A call to modernize the TIA does not necessarily mean a complete repeal of the bar on federal court jurisdiction for state and local tax disputes. A modernization of the TIA should target those cases where there is a compelling reason for federal court jurisdiction. Cases involving a question of federal law or a constitutional challenge, for example, would clearly benefit from federal court jurisdiction. Additionally, suits by out-of-state taxpayers, particularly small businesses and individuals, are also prime candidates for federal court jurisdiction, including permitting out-of-state small businesses or individuals to bring suit in the district in which they are located rather than requiring them to bring suit in a court located in the taxing state.

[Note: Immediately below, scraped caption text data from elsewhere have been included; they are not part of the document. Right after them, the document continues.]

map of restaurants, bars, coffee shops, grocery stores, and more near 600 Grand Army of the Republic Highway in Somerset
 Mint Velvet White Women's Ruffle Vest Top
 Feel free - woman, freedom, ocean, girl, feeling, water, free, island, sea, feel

Jeffrey Friedman and Todd Lard are partners at Eversheds Sutherland (US) LLP in Washington, D.C., and Justin Brown is an associate at the firm’s Atlanta office.


Endnotes

  1. 28 U.S. Code, Section 1341.
  2. Direct Marketing Ass’n v. Brohl, 575 U.S. 1 (2015) (reversing the decision of the Tenth Circuit, which held that the TIA deprived the federal district court of jurisdiction in the suit).
  3. The Seventh Circuit recently issued a rare win to a group of taxpayers under this exception. In its ruling, the Seventh Circuit noted that “this is the rare case in which taxpayers lack an adequate state-court remedy.” The court based its decision on the county’s concession that Illinois’ rules regarding procedure for tax objections did not permit the taxpayers to raise their constitutional claims in Illinois state courts. F. Moore & Assocs., Inc. v. Pappas, 948 F.3d 889 (7th Cir. 2020), cert. denied, 141 S.Ct. 866 (2020).
  4. 81 Congressional Record 1416-1417 (1937) (“[T]here is no Federal question involved. There is a dispute arising under a State statute or law of other origin and nothing more”).
  5. Arizona v. California, 140 S.Ct. 684, No. 22O150 (motion for leave to file bill of complaint denied February 24, 2020).
  6. Ohio v. Great Lakes Minerals, LLC, 597 S.W.3d 169 (Ky. 2019), denied, 141 S.Ct. 358 (2020). A similar suit brought by a Missouri company in federal court was dismissed for lack of subject matter jurisdiction based on the TIA. Diversified Ingredients, Inc. v. Testa, 846 F.3d 994 (8th Cir. 2017).
  7. 139 S.Ct. 1485 (2019).
  8. New Hampshire v. Massachusetts, 22O154 (motion for leave to file bill of complaint filed October 19, 2020).
  9. Rosewell v. LaSalle Nat’l Bank, 450 U.S. 503, 515-16 n.19 (1981).
  10. See, for example, Comptroller of Treasury v. Johns Hopkins Univ., 973 A.2d 256 (Md. 2009). In Maryland, taxpayers are required to appeal final determinations of the Maryland Tax Court—an administrative agency—to a state circuit court before appealing to the Maryland Court of Special Appeals. However, the Court of Special Appeals will “look through” the circuit court decision and review the decision of the Tax Court, not the circuit court, effectively rendering the process of litigating in the circuit court meaningless.
  11. 15 U.S. Code, Section 382.
  12. 49 U.S. Code, Section 11501(b), (c).
  13. Dep’t of Revenue v. Johnson Controls, 296 S.W.3d 392 (Ky. 2009), denied, 560 U.S. 935 (2010).
  14. Dot Foods Inc. v. Wash. Dep’t of Revenue, 372 P.3d 747 (Wash. 2016); denied, 137 S.Ct. 2156 (2017).
  15. Steiner v. Utah State Tax Comm’n, 449 P.3d 189 (Utah 2019), denied, 140 S.Ct. 1114 (2020).